Cruising along Chile's wild southern coast, to the uttermost end of the earth.

A sheet of cold rain lashed the deck of the MV Puerto Edén, stinging my cheeks and numbing my lips. I hunched lower over the boat’s guardrail, turning my back to the relentless wind, seeking shelter beneath my jacket as another bank of black rain clouds swept towards the boat. In an effort to ignore the dull throbbing cold that was spreading slowly through my limbs, I returned my gaze to the picturesque coastline of Chilean Patagonia, surveying its dramatic fjords and craggy snow-covered peaks. “Maybe I should just give up and go back inside!” I thought to myself, fondly recalling the warmth and shelter of the lower decks.


Just then, something caught my eye. A tiny puff of white vapour appeared suddenly on the horizon. A second later, the grey water of the Pacific was broken by a delicate arching back, its smooth skin glinting like polished obsidian. Before I had a chance to blink, it was joined by another, and then another. A whole pod of whales had surfaced in the narrow channel between two tiny, forested islands. They snorted a few quick breaths and disappeared again, the long flukes of their tails waving a silent farewell. A broad grin spread across my face and all thoughts of physical discomfort faded from my mind. Once again Patagonia had me under its spell.


I was not the first person to experience such sensations in Patagonia. From the moment Magellan and his crew first laid eyes on the southernmost tip of the American continent five hundred years ago, this place has captured the imagination of the world. Those early sailors returned with other worldly tales of strange monsters and ancient tribes. They told of living dinosaurs, ice age beasts and giant men who could run faster than deer and hurled boulders at passing vessels. Reading the chronicles of early travellers is akin to leafing through the pages of Homer’s ‘Odyssey’ or Conan-Doyle’s ‘Lost World’.

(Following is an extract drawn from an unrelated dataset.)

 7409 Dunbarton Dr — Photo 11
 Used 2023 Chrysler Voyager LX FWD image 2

This colourful history was borne from the very nature of Patagonia. It is a wilderness without equal – 900,000 square kilometres that spans two countries and encompasses the southernmost tracts of habitable land on earth. The western portion, located in Chile, is the domain of enormous ice fields, labyrinthine fjords and a mosaic of uninhabited islands. The eastern portion, located in Argentina, is an endless expanse of bleak windswept plains. Patagonia is the epitome of desolation, a blank canvas where the wildest dreams of humanity take life.

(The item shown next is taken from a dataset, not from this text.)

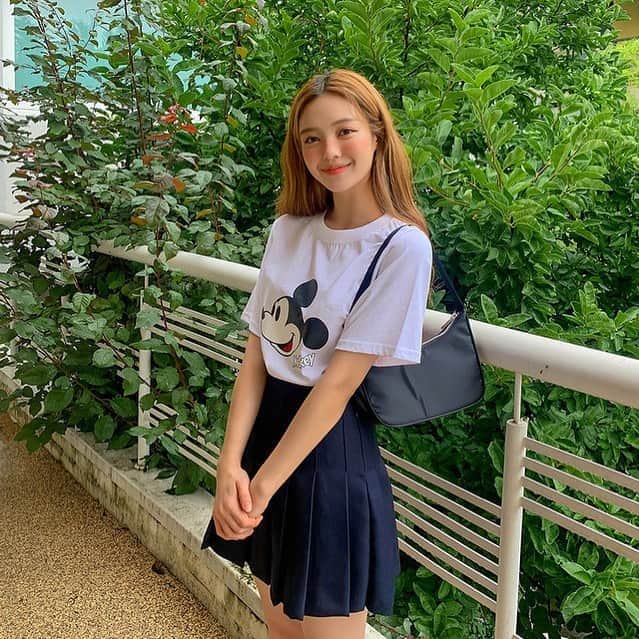 Chuuのインスタグラム：「심플하지만 포인트 주기 좋은 츄 메이드 미키 티셔츠🖤」
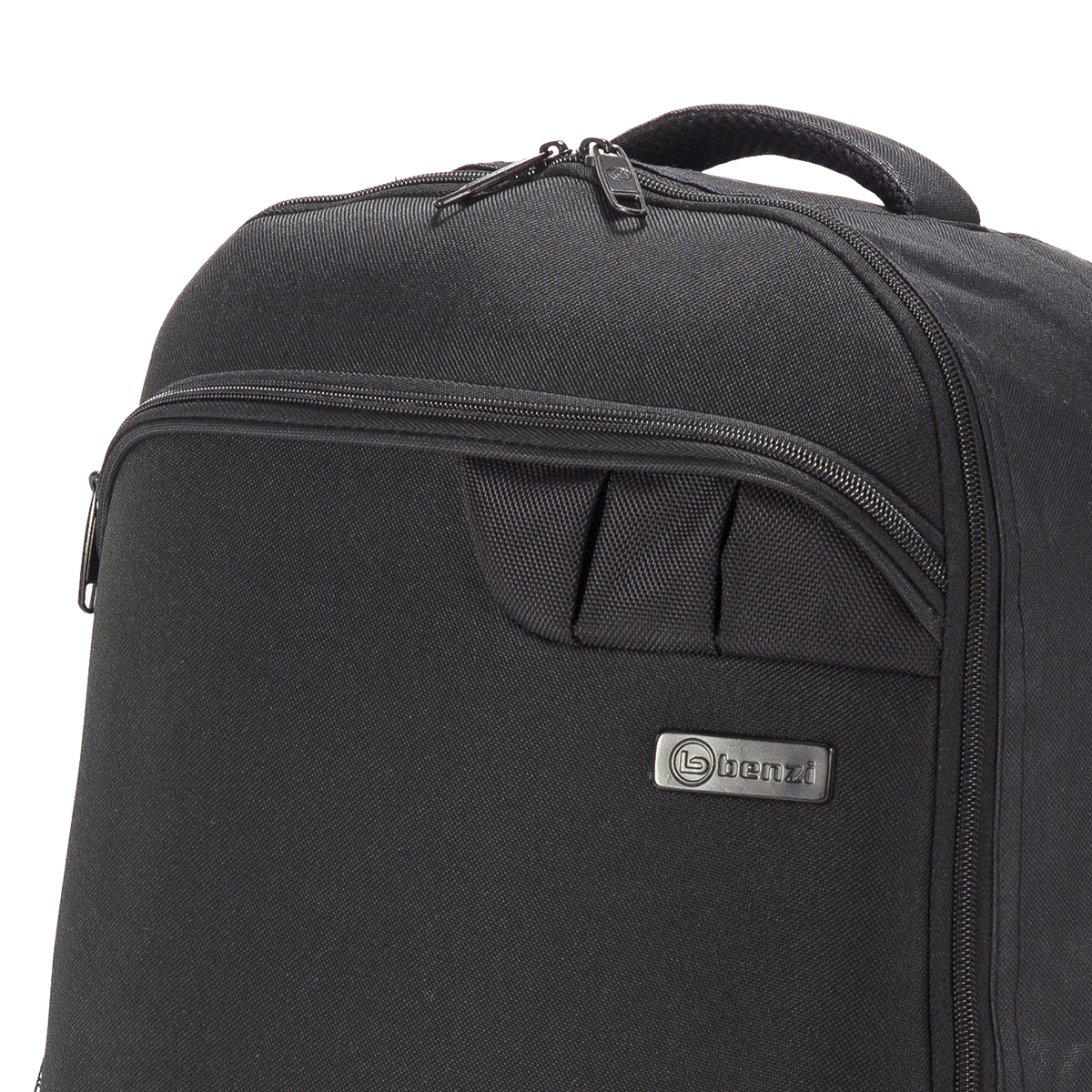 Primer plano de una mochila negra con cremalleras y un logo de Benzi.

People come to Patagonia for many different reasons; and over the years it has seen some famous visitors. Some, like Butch Cassidy, came to flee their past. Others, like Charles Darwin, came in search of inspiration. But all were touched by this remarkable place. As Darwin was later to write; of all the places he had visited, it was the steppes of Patagonia that haunted his memory the most.


Yet, the passing years have tamed Patagonia’s once fearsome reputation. Travel is easier than it was for the early pioneers. Fishing villages that used to stand on the edge of nowhere are now home to modern hotels and restaurants. Cruise liners ferry tourists from every nation along a coastline that once put fear into the hearts of the most intrepid explorers.


But even with the creeping influence of civilization, my first sight of Patagonia inspired in me the same awe and dread that I had read of in the travellers’ chronicles of old.


Cold air shocked me awake as I emerged weary and stiff from an overnight bus from Santiago to the town of Puerto Montt. The sky above me was dark and menacing, skulking low over the forested hills that surrounded the town. Wet clouds rolled angrily around the harbour, scattering pedestrians with spiteful squalls of icy rain. Behind the town, a maze of narrow grey streets wound their way up a windswept hillside, disappearing among low buildings that were crowded together like animals seeking warmth in a huddle.


Having travelled for days to get here, I was not a particularly inspired by what I saw. It was a singularly unwelcoming place. But I was as far south as the road could take me. The rest of my journey, to the southern tip of Chile, would be by boat; and Puerto Montt was the place to catch it.


My vessel was the MV Puerto Eden, an old passenger ferry that had seen many years of faithful service in the stormy waters that lie along Chile’s southern coast. The boat had the look of an old sailor – tough, determined, but not without its scars and frailties. Its weather beaten hull bore witness to the heavy burden of its duties.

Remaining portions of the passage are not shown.